Radical and extreme cross--many miss its point altogether. Last Sunday I and my dear wife went to the bookstore at SM for some gifts she had to give to a friend in Cebu. While she was choosing what to buy I strolled along the rows of bookshelves at the other end of the store--particularly the shelves where the inspirational books were kept.
I saw this book..."The Radical Cross" by AW Tozer. Tozer is among my favorite authors so I browsed it and bought it. I have come to love the deeper meanings of the cross. The cross is meant to make you radical and extreme like Jesus. It's designed to be born by all true believers, not just to identify ourselves with Christ, but to be destroyed.
The Jesus cross is destruction...destruction of the flesh and all its cravings, accomplishments, trophies, mindset, self-importance, religion, and even church ministries. Churches use it today to attract people who are fond of looking for a church--not looking for God. If you're looking for God, you begin to understand the need to die to self, and allow God to destroy your flesh, your ego, especially the church that the ego built.
The cross of Jesus that he tells you to carry daily cannot but make you radical and extreme. So radical and extreme that you go all the way with God to the desert where no man dares to be or to live and where terrible dangers lurk. You even go to the shadow of the valley of death.
Others just stop at treading on green pastures--they never venture out further with Jesus, the Shepherd, into the wilderness. Jesus dared go with the Father to the wilderness and ended up not just full of the Holy Spirit but in the power of the Holy Spirit. The church only gets as far as being in the fullness of the Spirit and never experience being in the power of the Spirit and defeating Satan in his own territory because it dreads being radical and extreme with Jesus Christ.
The cross means continuing in Jesus even in the face of life adversities. Jesus takes away a lot of things in your life and you still dare go with him deeper into the wilderness. Others enjoy life in this world while you begin to hate life in this world. And sometimes, that can make you wonder why God seems to be "cruel" with you but generous and kind with others, especially the wicked.

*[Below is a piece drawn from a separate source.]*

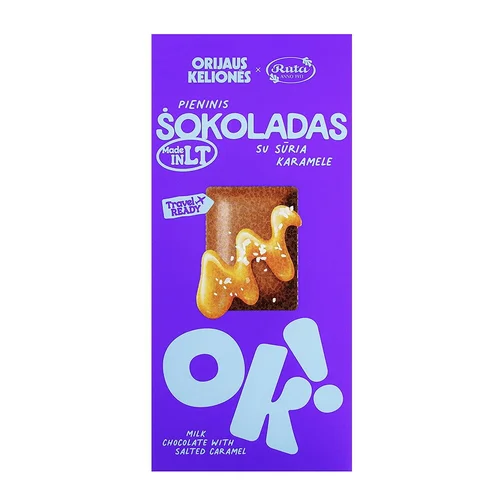 Rūta ORIJAUS KELIONĖS® pieninis šokoladas su migdolais, 70 g image 1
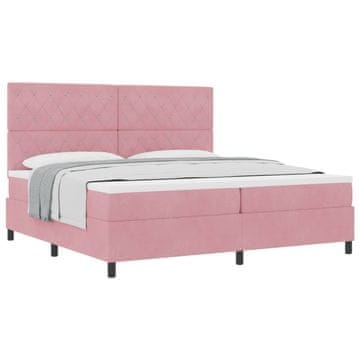 Vidaxl Postelja z vzmetnico z vzmetnico Roza 200 x 200 cm Žamet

Jesus was in the midst of a laughing and mocking multitude who were free from suffering when he cried to the Father, "Why have you forsaken me?" He suffered so radically and to the extreme, and we are called to not just believe in him but also suffer the same radical and extreme cross, not for sin's expiation but as a mark of true Jesus' discipleship.
Yeah, I know all this and more, but sometimes, when the going gets too tough, I'm still inclined to ask what kind of life is this when I hate life because of the things that happen which my mind fails to understand. But I just surrender to God after. Thanks, God, for that sustaining grace.